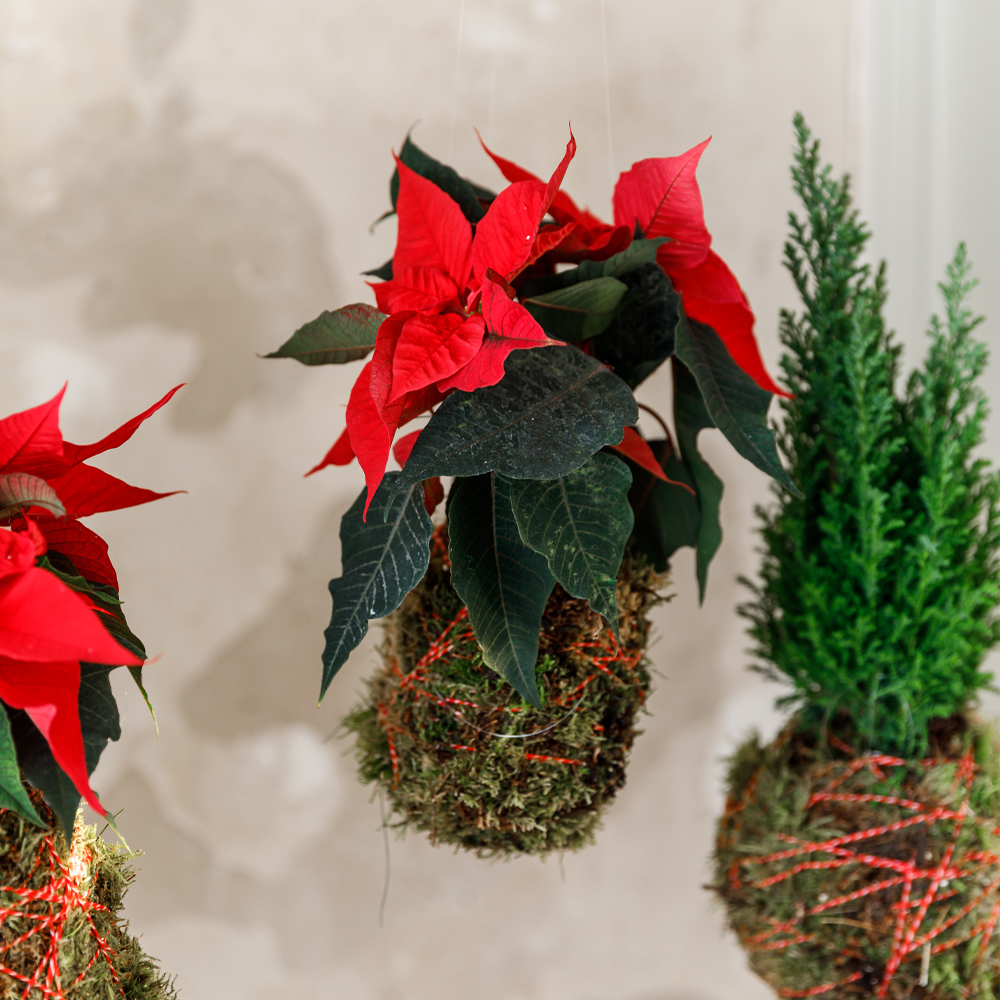 Svævende juledekoration med julestjerner - Plantorama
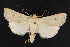  ( - NOC14782)  @14 [ ] Unspecified (default): All Rights Reserved  Unspecified Unspecified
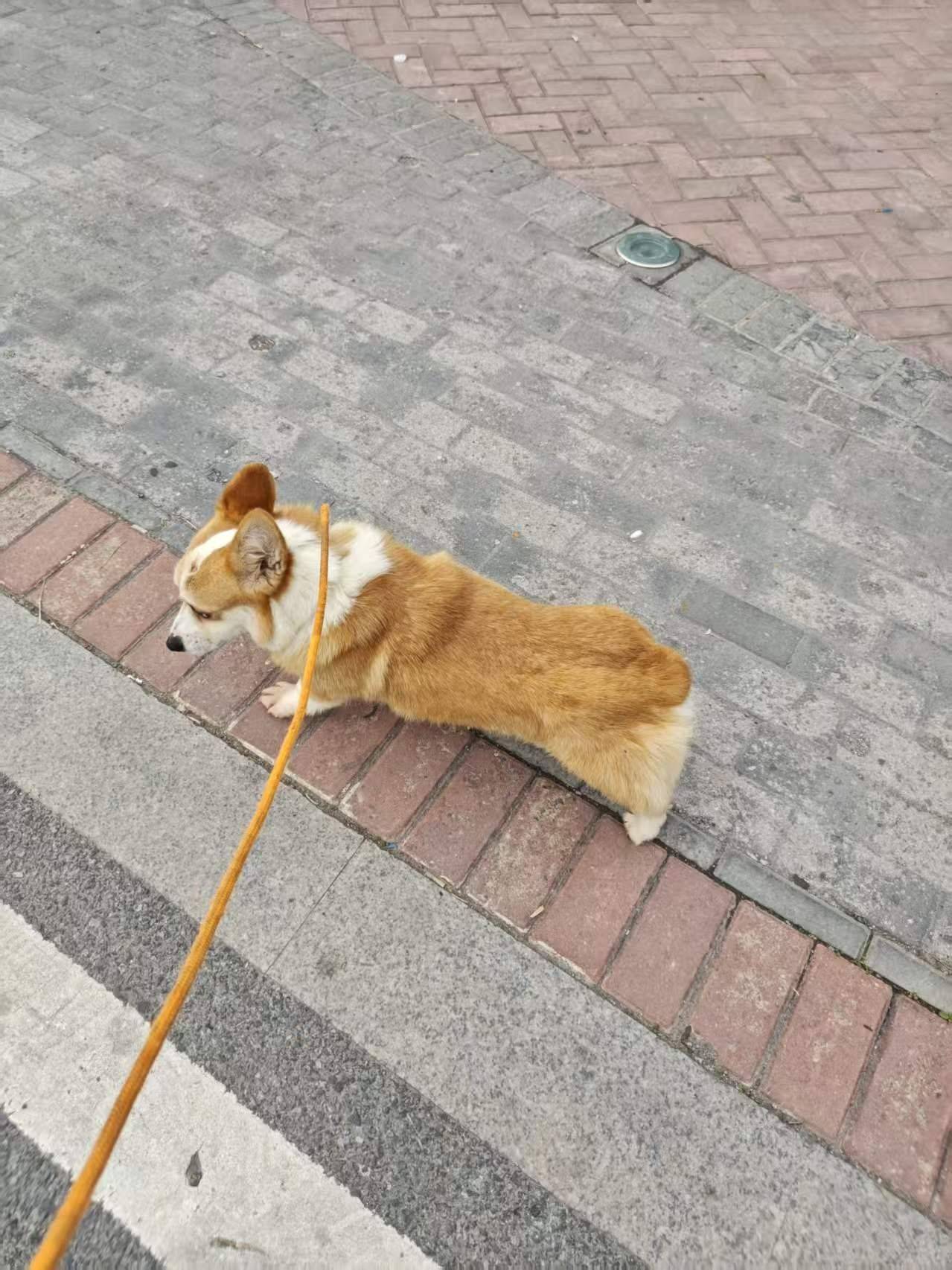 一岁多的柯基妹妹求领养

■ What is required: A word-for-word copy is required of the lines above from the line with "( - NOC14782)" through the last line of the data; no other lines and no pictures belong in it.

■ Exercise response:
  ( - NOC14782)  @14 [ ] Unspecified (default): All Rights Reserved  Unspecified Unspecified
 一岁多的柯基妹妹求领养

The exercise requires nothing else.